Physical characteristics
- Source: Leichhardt Range
- • location: below Bunkers Hill
- • coordinates: 19°58′52″S 146°56′47″E﻿ / ﻿19.98111°S 146.94639°E
- • elevation: 224 m (735 ft)
- Mouth: Bowling Green Bay, Coral Sea
- • coordinates: 19°25′09″S 147°15′07″E﻿ / ﻿19.41917°S 147.25194°E
- • elevation: 0 m (0 ft)
- Length: 109 km (68 mi)
- Basin size: 1,831 km^{2} (707 sq mi) to 1,210.8 km^{2} (467.5 sq mi)
- • location: Near mouth
- • average: 5.64 m^{3}/s (199 cu ft/s) to 8.6 m^{3}/s (270 GL/a)

= Barratta Creek =

Creek in North Queensland, Australia

The Barratta Creek is a creek in North Queensland, Australia.

The headwaters of the creek rise below Bunkers Hill in the Leichhardt Range in the Great Dividing Range and flow in a north easterly direction. The creek continues through mostly uninhabited country past Woodhouse Mountain travelling almost parallel with the Haughton River eventually crossing the Bruce Highway and entering the Bowling Green Bay Conservation Park then discharging into Bowling Green Bay near Jerona, before flowing into the Coral Sea. The river descends 224 m over its 109 km course.

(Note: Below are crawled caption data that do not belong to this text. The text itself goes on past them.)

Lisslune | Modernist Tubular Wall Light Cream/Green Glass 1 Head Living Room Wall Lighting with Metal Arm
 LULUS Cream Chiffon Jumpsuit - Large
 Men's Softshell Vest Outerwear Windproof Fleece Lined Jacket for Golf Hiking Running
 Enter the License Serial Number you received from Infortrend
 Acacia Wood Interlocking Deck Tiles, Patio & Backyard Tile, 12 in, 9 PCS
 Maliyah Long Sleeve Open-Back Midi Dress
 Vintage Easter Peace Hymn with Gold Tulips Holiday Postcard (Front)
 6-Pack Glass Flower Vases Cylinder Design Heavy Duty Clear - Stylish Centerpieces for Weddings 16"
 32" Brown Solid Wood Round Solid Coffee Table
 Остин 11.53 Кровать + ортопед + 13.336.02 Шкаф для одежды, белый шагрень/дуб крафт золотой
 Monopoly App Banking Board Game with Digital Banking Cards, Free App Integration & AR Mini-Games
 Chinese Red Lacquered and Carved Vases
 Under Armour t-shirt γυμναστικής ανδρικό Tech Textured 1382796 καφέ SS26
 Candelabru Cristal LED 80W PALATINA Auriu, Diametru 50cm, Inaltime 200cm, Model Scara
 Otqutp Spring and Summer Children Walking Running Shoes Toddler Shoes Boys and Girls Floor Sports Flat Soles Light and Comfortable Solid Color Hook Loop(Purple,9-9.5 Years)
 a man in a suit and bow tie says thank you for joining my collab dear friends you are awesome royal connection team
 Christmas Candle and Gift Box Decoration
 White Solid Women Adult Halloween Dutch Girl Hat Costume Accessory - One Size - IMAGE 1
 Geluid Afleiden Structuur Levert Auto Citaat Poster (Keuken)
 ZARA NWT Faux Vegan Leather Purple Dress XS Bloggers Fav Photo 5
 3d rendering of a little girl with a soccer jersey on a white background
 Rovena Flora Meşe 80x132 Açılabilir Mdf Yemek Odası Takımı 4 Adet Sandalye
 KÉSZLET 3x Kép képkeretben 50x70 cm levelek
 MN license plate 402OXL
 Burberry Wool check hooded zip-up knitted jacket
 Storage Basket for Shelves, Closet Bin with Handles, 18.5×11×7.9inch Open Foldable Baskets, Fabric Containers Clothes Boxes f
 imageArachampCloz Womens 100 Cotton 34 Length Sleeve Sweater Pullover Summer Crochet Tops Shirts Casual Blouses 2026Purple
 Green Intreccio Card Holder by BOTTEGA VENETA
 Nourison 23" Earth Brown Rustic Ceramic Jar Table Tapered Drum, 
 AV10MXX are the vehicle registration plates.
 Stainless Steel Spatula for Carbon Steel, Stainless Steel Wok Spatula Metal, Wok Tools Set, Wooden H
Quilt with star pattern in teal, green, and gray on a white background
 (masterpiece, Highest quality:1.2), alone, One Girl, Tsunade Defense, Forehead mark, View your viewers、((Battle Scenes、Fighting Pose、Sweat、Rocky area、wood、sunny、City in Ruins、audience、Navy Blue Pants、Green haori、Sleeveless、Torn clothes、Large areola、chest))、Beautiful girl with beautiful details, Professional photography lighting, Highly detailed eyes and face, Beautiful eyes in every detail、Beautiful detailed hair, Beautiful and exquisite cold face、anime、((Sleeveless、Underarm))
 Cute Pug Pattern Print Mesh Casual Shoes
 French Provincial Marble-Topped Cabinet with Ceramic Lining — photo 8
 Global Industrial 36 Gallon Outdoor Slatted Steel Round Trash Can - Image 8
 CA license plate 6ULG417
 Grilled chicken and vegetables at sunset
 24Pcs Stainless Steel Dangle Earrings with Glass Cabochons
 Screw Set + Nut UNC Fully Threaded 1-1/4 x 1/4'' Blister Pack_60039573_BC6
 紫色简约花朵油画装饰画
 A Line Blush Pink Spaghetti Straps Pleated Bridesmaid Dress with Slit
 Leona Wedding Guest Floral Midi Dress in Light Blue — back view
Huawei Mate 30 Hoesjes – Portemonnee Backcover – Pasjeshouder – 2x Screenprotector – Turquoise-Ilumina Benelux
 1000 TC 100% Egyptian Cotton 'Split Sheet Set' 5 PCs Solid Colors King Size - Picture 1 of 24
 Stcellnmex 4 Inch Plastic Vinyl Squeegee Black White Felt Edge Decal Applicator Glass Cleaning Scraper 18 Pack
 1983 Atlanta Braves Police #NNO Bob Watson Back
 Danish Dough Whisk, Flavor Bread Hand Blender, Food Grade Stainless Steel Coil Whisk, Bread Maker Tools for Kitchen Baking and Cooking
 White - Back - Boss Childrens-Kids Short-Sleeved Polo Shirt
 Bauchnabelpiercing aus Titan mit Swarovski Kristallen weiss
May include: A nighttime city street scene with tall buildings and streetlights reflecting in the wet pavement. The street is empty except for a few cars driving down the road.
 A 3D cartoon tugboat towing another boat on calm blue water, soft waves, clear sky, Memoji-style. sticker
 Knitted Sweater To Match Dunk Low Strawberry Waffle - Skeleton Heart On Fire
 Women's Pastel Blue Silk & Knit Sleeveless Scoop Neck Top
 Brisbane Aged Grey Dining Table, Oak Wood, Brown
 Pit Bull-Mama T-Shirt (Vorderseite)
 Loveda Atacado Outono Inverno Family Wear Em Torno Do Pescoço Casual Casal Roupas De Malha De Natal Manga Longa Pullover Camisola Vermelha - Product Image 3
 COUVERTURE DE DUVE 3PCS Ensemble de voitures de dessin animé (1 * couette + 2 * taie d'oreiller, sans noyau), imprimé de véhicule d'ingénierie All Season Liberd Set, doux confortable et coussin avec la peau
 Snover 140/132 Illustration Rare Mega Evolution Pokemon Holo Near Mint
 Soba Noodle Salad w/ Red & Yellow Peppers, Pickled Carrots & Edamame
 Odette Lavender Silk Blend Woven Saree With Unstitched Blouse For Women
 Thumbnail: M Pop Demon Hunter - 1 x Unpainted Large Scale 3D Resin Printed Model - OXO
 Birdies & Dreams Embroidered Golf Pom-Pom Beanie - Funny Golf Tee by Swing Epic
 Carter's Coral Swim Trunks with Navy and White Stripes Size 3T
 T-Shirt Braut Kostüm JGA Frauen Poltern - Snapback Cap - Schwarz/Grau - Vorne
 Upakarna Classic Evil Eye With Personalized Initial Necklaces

The catchment area of the creek occupies an 1831 km2, of which an area of 173 km2 is composed of estuarine wetlands. The mean annual flow of the creek is 178 GL. The riparian habitat of the catchment, particularly the northern end, has declined since the 1970s as a result of clearing of the floodplain forest to plant sugarcane. Most of the catchment area is still used for pastoralism, particularly grazing land for cattle.

The name of the creek is thought to be derived from the local Aboriginal dialect from the name for a chain of lagoons found in the area.